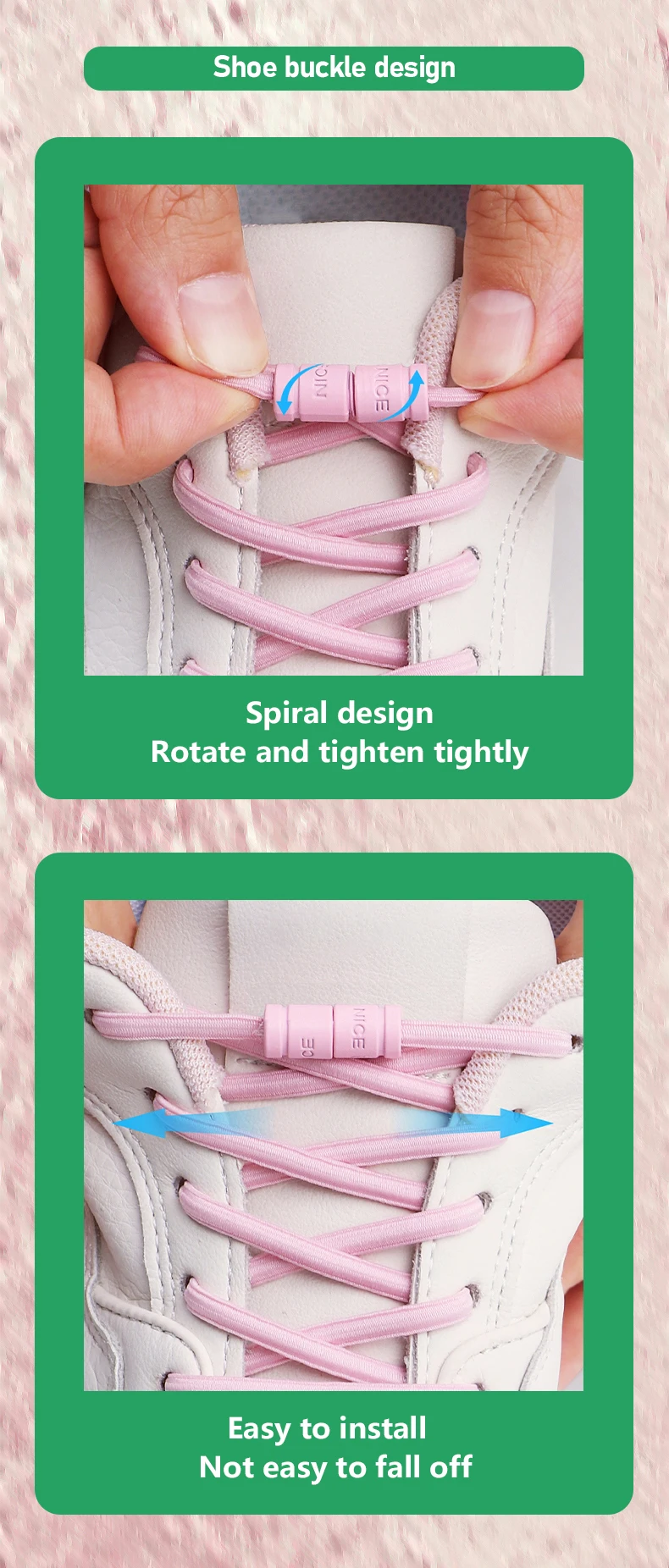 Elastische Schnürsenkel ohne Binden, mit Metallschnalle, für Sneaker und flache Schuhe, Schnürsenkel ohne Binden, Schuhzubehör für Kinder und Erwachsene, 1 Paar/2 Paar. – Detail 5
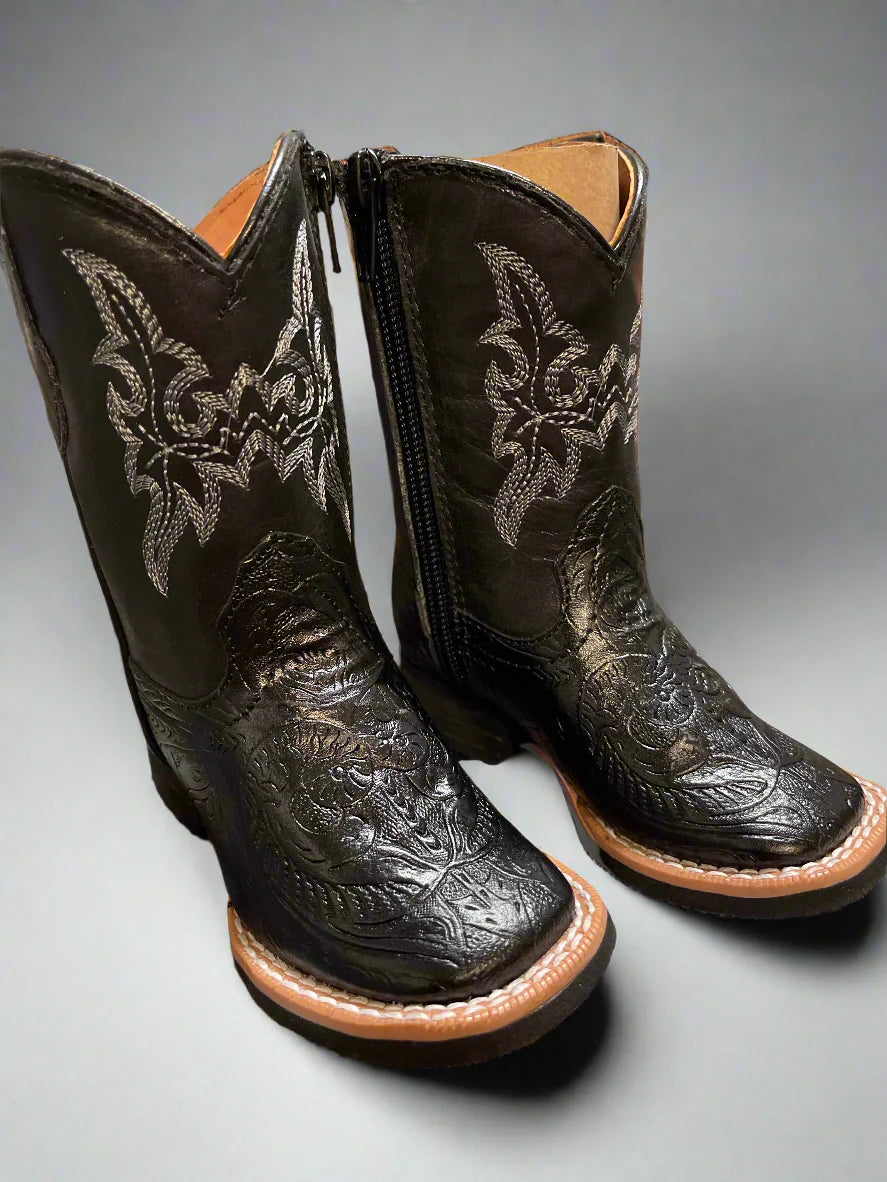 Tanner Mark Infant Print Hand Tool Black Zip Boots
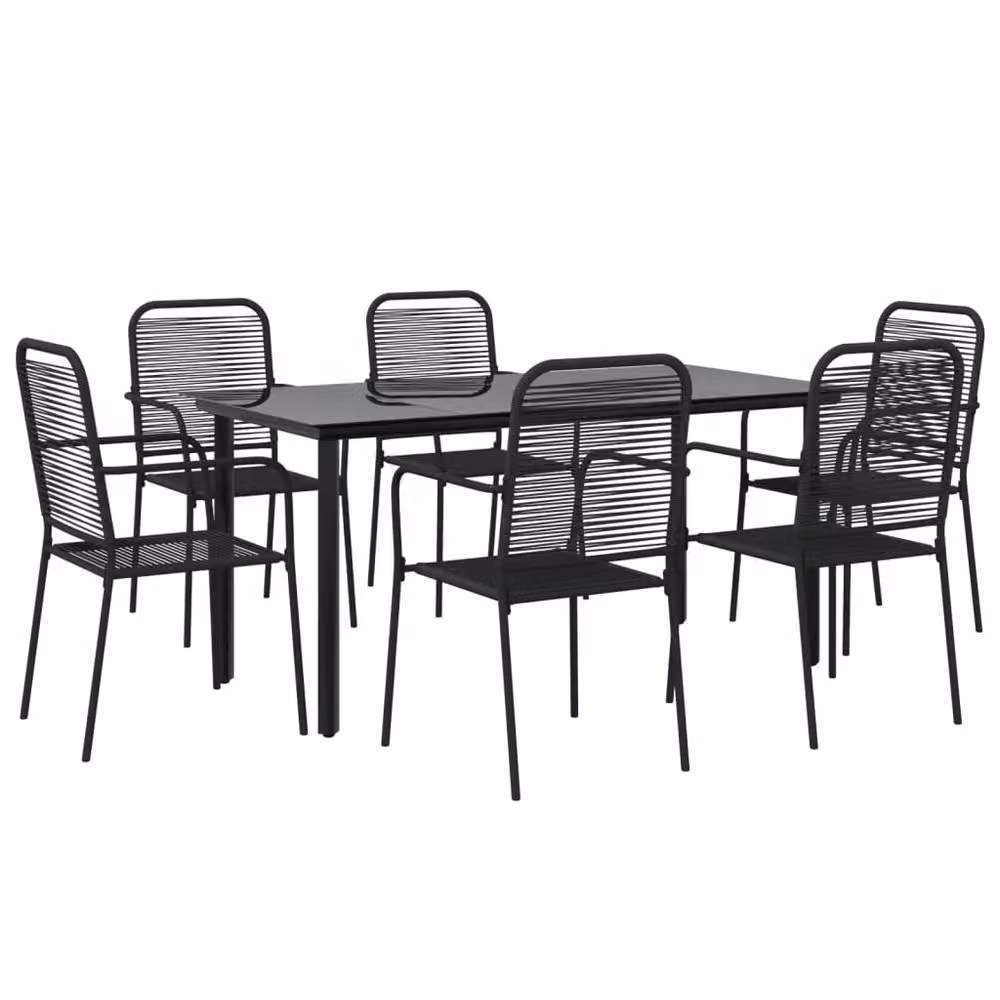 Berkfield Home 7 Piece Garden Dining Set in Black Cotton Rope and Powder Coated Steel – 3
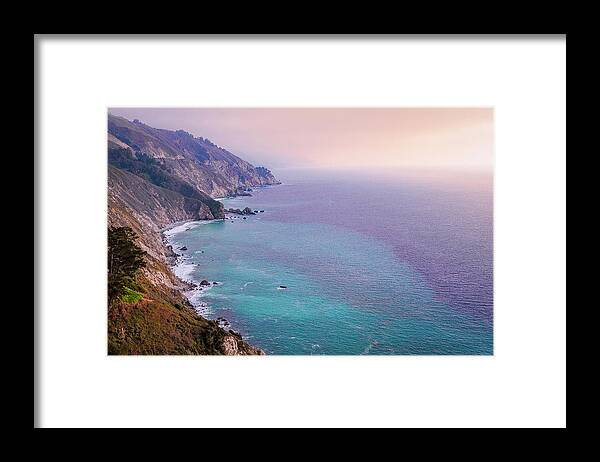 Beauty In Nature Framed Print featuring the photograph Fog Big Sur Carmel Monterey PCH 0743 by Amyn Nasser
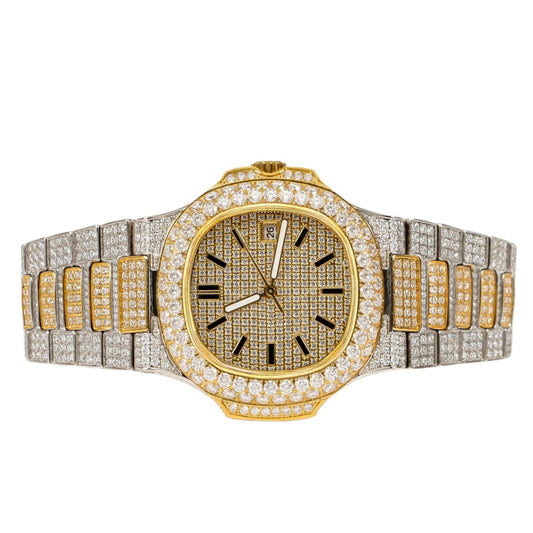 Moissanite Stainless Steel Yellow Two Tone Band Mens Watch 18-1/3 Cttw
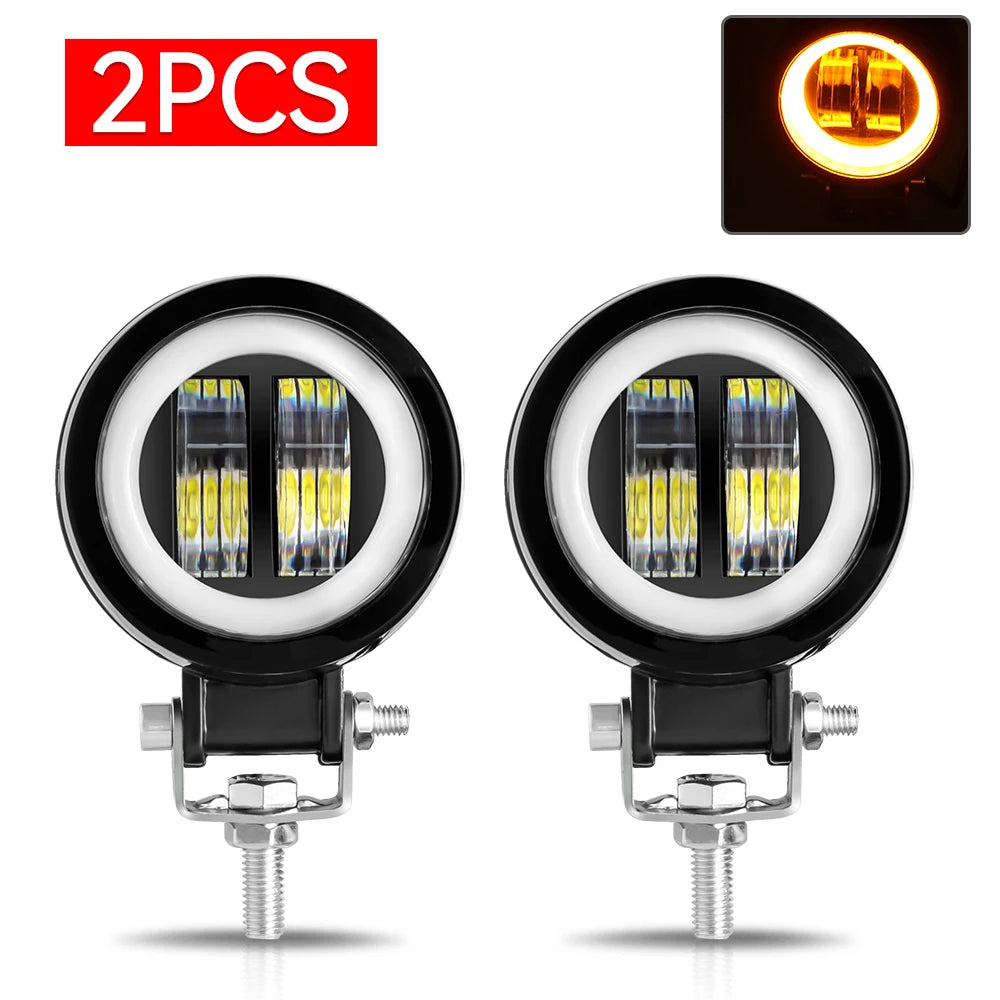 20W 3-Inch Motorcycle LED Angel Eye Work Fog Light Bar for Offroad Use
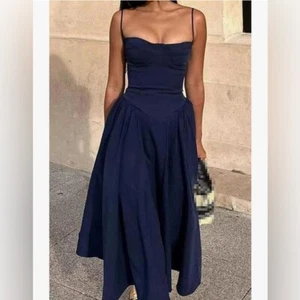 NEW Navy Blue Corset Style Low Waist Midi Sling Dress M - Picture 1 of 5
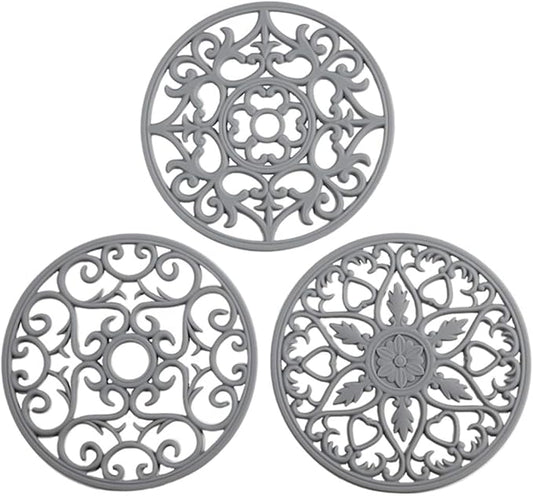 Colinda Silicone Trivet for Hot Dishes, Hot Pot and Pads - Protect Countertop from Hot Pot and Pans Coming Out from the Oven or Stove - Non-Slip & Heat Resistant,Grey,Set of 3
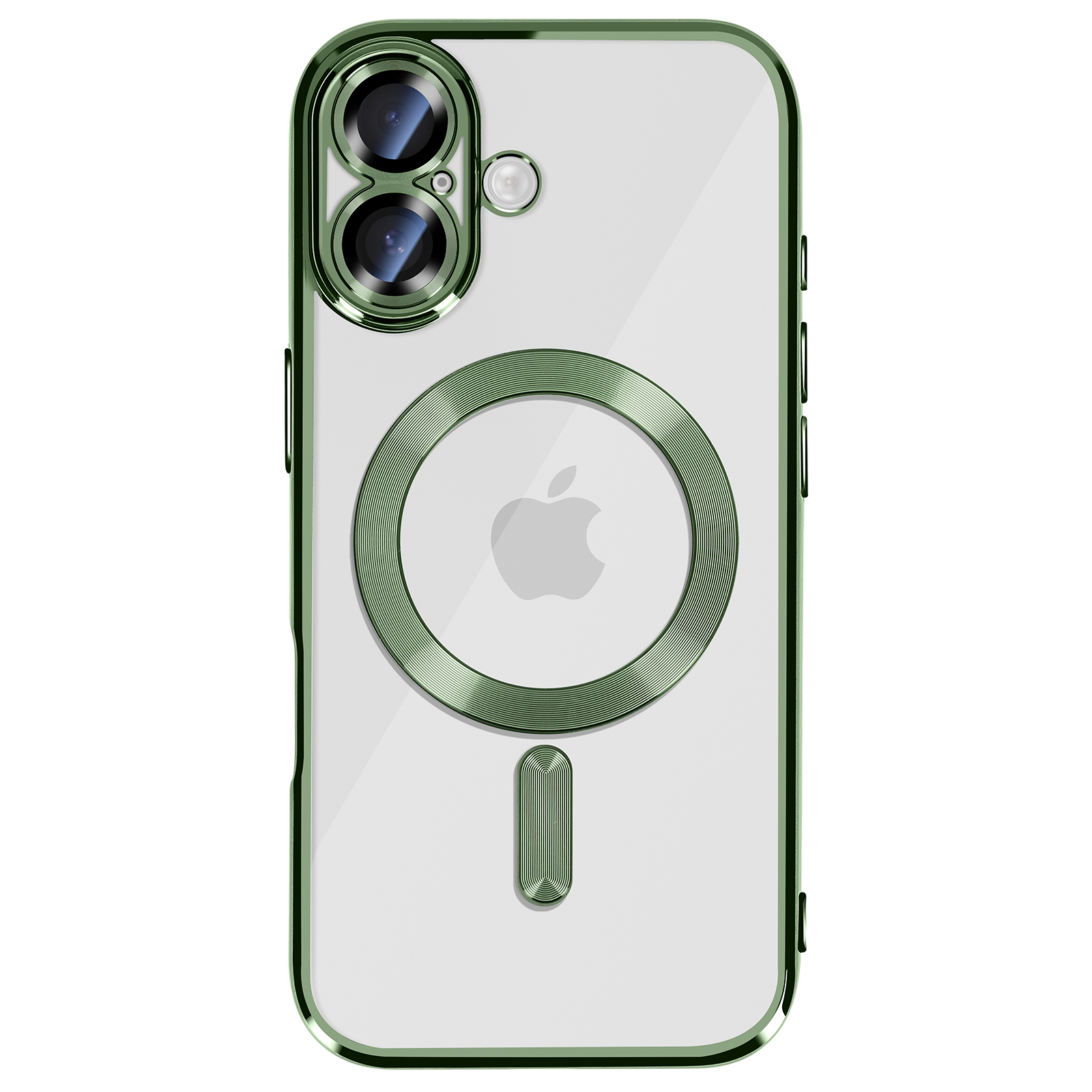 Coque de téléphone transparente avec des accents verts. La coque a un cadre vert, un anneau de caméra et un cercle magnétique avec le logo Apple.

How to complete this task
Leave out every picture, and repeat word for word only the lines from the one holding "Beauty In Nature" through the end of the entries above, both ends included.

Exercise answer
 Beauty In Nature Framed Print featuring the photograph Fog Big Sur Carmel Monterey PCH 0743 by Amyn Nasser
 Moissanite Stainless Steel Yellow Two Tone Band Mens Watch 18-1/3 Cttw
 20W 3-Inch Motorcycle LED Angel Eye Work Fog Light Bar for Offroad Use
 NEW Navy Blue Corset Style Low Waist Midi Sling Dress M - Picture 1 of 5
 Colinda Silicone Trivet for Hot Dishes, Hot Pot and Pads - Protect Countertop from Hot Pot and Pans Coming Out from the Oven or Stove - Non-Slip & Heat Resistant,Grey,Set of 3
 Coque de téléphone transparente avec des accents verts. La coque a un cadre vert, un anneau de caméra et un cercle magnétique avec le logo Apple.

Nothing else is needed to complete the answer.